*Work to complete*.
Leave out every picture, and output exactly the lines from the line containing "Marist School catcher" through the last line of the data.

*Raw data*.
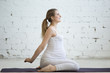 Pregnancy Yoga and Fitness. Portrait of young pregnant yoga model working out in loft. Pregnant fitness person smiling while practicing yoga at home. Prenatal Hero Pose, Virasana. Side view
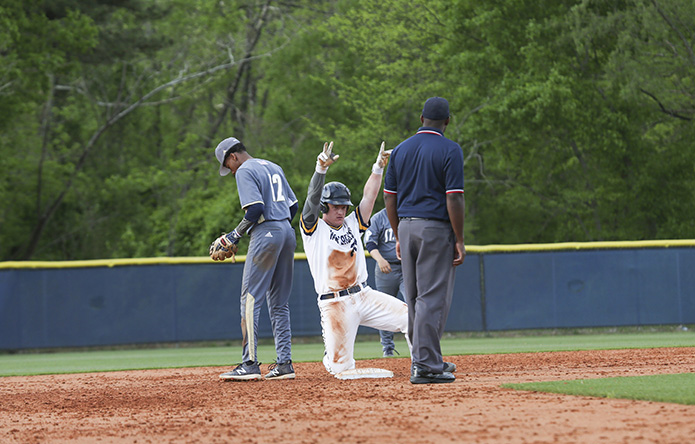 Marist School catcher James MacCallum gestures to the dugout after hitting a double in the fourth inning. Marist would add six more runs in the fourth inning to go out to an 11-0 lead over St. Pius X. That would also turn out to be the final score of the April 11 game. Photo By Michael Alexander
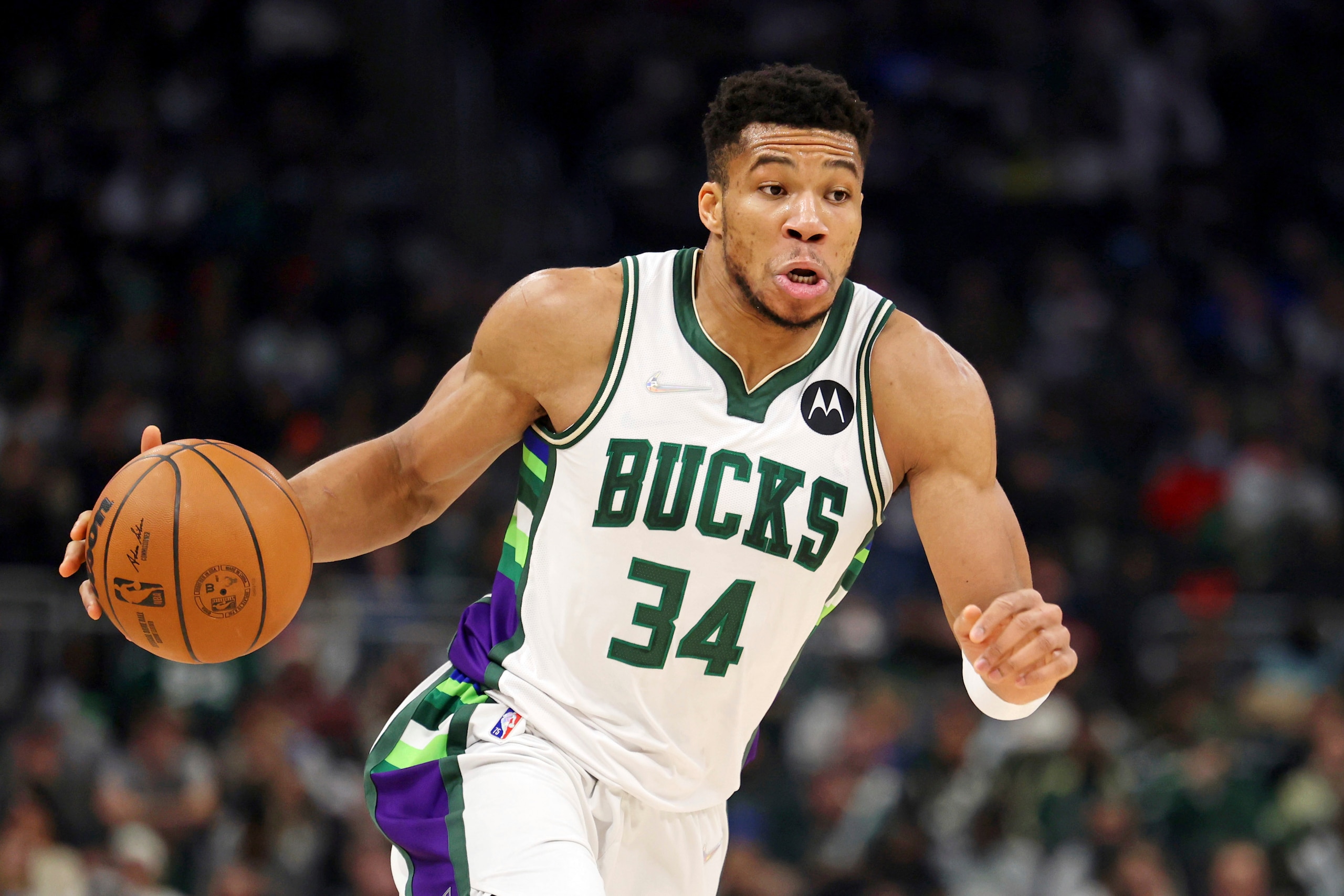 Milwaukee Bucks forward Giannis Antetokounmpo (34) dribbles the ball against the Boston Celtics during the first half of an NBA basketball game, Saturday, Dec. 25, 2021, in Milwaukee. (AP Photo/Jon Durr)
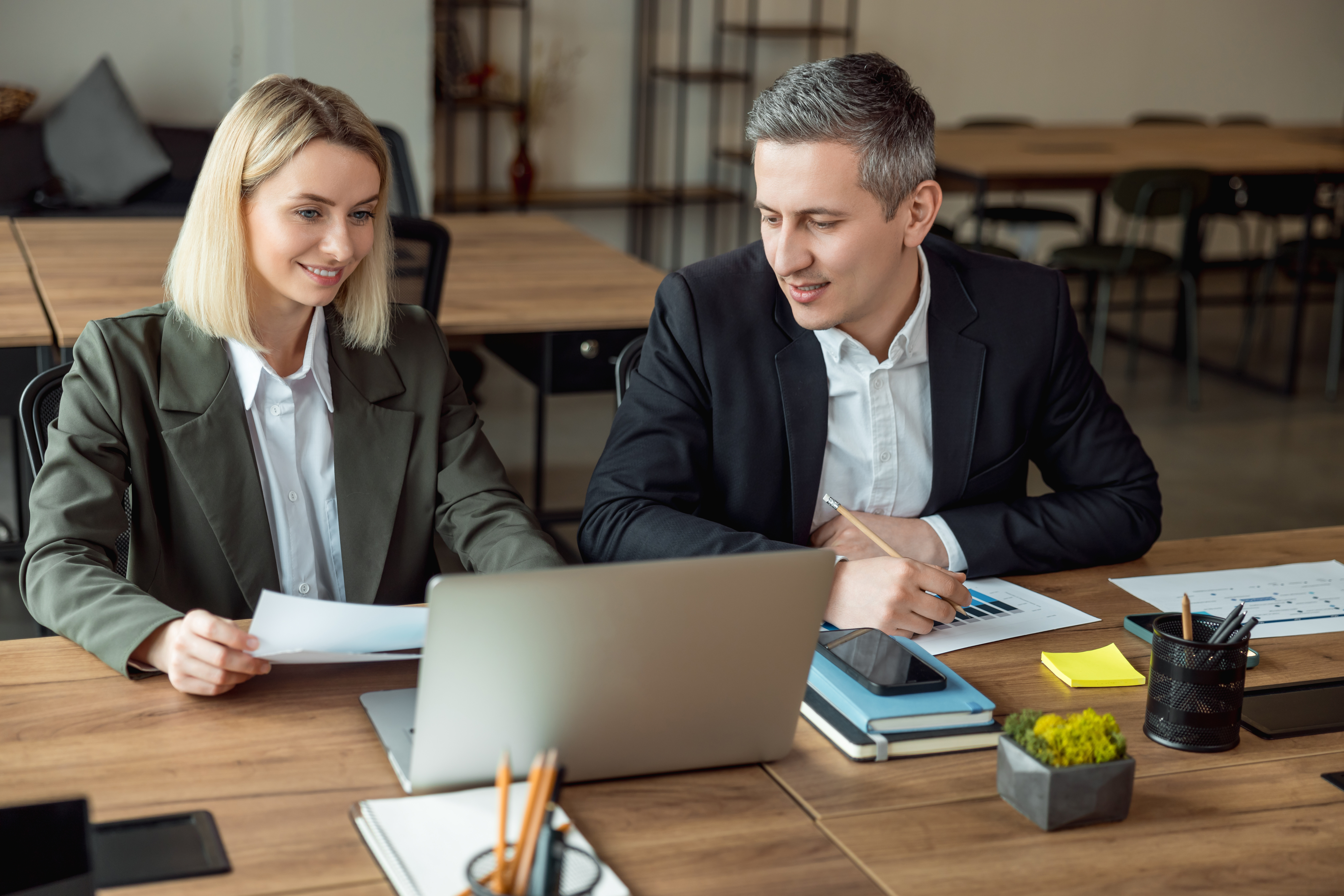 Professional woman and man looking at a document and laptop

*Reply*.
 Marist School catcher James MacCallum gestures to the dugout after hitting a double in the fourth inning. Marist would add six more runs in the fourth inning to go out to an 11-0 lead over St. Pius X. That would also turn out to be the final score of the April 11 game. Photo By Michael Alexander
 Milwaukee Bucks forward Giannis Antetokounmpo (34) dribbles the ball against the Boston Celtics during the first half of an NBA basketball game, Saturday, Dec. 25, 2021, in Milwaukee. (AP Photo/Jon Durr)
 Professional woman and man looking at a document and laptop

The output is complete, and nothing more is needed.